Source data
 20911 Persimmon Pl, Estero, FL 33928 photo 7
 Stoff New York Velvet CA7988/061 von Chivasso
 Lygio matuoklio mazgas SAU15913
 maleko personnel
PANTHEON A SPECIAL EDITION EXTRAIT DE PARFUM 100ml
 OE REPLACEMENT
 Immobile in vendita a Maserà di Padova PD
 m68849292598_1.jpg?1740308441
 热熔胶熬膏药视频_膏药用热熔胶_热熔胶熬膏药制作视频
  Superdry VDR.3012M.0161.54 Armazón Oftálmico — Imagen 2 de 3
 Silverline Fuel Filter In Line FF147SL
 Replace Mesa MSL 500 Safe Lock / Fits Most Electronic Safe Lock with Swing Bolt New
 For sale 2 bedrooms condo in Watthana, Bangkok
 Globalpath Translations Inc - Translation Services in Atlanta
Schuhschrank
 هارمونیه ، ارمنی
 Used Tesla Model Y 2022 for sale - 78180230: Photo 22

## TASK TO CARRY OUT
Set down all of the lines above without altering a word.

## SOLUTION
 20911 Persimmon Pl, Estero, FL 33928 photo 7
 Stoff New York Velvet CA7988/061 von Chivasso
 Lygio matuoklio mazgas SAU15913
 maleko personnel
PANTHEON A SPECIAL EDITION EXTRAIT DE PARFUM 100ml
 OE REPLACEMENT
 Immobile in vendita a Maserà di Padova PD
 m68849292598_1.jpg?1740308441
 热熔胶熬膏药视频_膏药用热熔胶_热熔胶熬膏药制作视频
  Superdry VDR.3012M.0161.54 Armazón Oftálmico — Imagen 2 de 3
 Silverline Fuel Filter In Line FF147SL
 Replace Mesa MSL 500 Safe Lock / Fits Most Electronic Safe Lock with Swing Bolt New
 For sale 2 bedrooms condo in Watthana, Bangkok
 Globalpath Translations Inc - Translation Services in Atlanta
Schuhschrank
 هارمونیه ، ارمنی
 Used Tesla Model Y 2022 for sale - 78180230: Photo 22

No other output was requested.